Tom näherte sich vorsichtig dem Bett und legte Lucie, die nichts mehr um sich herum wahrzunehmen schien als dieses imaginäre Wesen in ihrem Arm, vorsichtig seine Hand auf die Schulter. Sie aber reagierte gar nicht, sondern fuhr mit ihrem Gesang fort.
»Lucie, wir werden noch mehr Kinder bekommen. Bitte, hör auf damit!«
Ohne ihn auch nur eines Blickes zu würdigen, raunte sie: »Psst, Margret schläft. Du darfst sie nicht wecken.«
Tom warf dem Doktor einen unglücklichen Blick zu. Der Doktor zuckte die Achseln. Er hatte fast gegen jedes Leiden ein passendes Rezept, aber nichts gegen den Schmerz einer Mutter, die soeben ihr Kind verloren hatte.
Tom wandte sich seufzend von Lucie ab, die vollkommen glücklich in ihrer Fantasiewelt zu sein schien.

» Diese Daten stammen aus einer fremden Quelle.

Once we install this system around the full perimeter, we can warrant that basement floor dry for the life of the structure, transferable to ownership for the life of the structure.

»Ich weiß nur eines, das sie wieder zur Vernunft bringen könnte«, flüsterte er dem Doktor zu. »Ihre Schwester Harakeke muss kommen. Bitte bleiben Sie noch, bis sie bei Lucie ist. Ich lege unsere Tochter in die Wiege.«
»Gut, Mister Bold. Ich setze mich solange zu ihr. Ich denke, das ist der Schock. Das geht schnell vorüber. Glauben Sie mir!«
Lucie bemerkte, wie sich der Doktor auf einen Stuhl neben ihr Bett niederließ und sie musterte.
Ein Lächeln erhellte Lucies Gesicht. »Was sagen Sie zu meiner Tochter, Doktor? Haben Sie schon ein schöneres Mädchen gesehen?«
»Nein«, erwiderte der Doktor knapp. Ihm widerstrebte es, Lucie in ihrem Wahn noch zu unterstützen, aber die Stimme der Vernunft würde sie in diesem Augenblick mit Sicherheit nicht erreichen.

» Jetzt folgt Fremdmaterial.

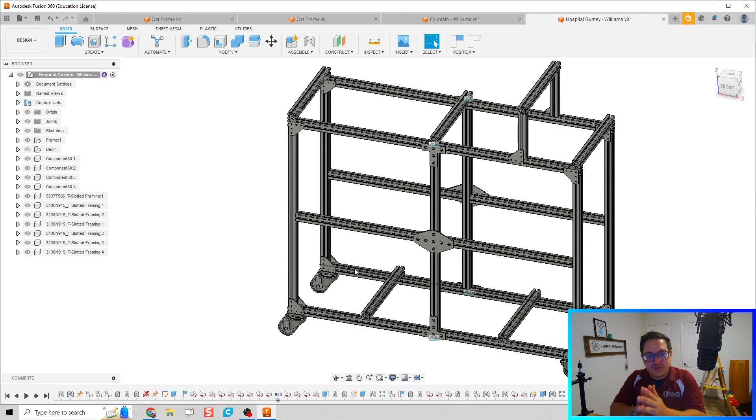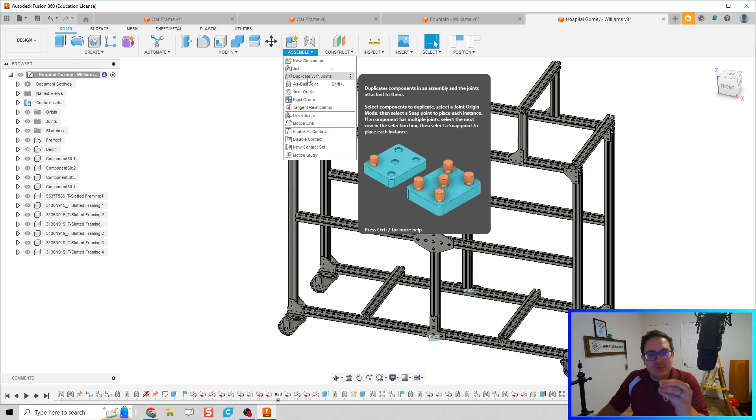I just wanted to make a quick video showing you that cool thing of duplicating, and it is just fantastic. It's under Assemble → Duplicate with Joints. Super awesome — hopefully you guys have learned something. You guys are awesome, stay awesome, and I will see you in the next video. Take care.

»Tom hat den Namen ausgesucht. Ich finde, er passt zu ihr. Margret. Dann können wir sie später Maggy nennen. Gefällt Ihnen der Name?«
Doktor Thomas nickte schwach. Was würde er darum geben, dass ihm ein Mittelchen einfiel, diesen Unsinn zu stoppen. Er atmete erleichtert auf, als Misses Dorson herbeigeeilt kam.
»Ich glaube, Sie können gehen«, raunte Harakeke ihm zu und nahm, kaum dass er sich erleichtert entfernt hatte, seinen Platz ein.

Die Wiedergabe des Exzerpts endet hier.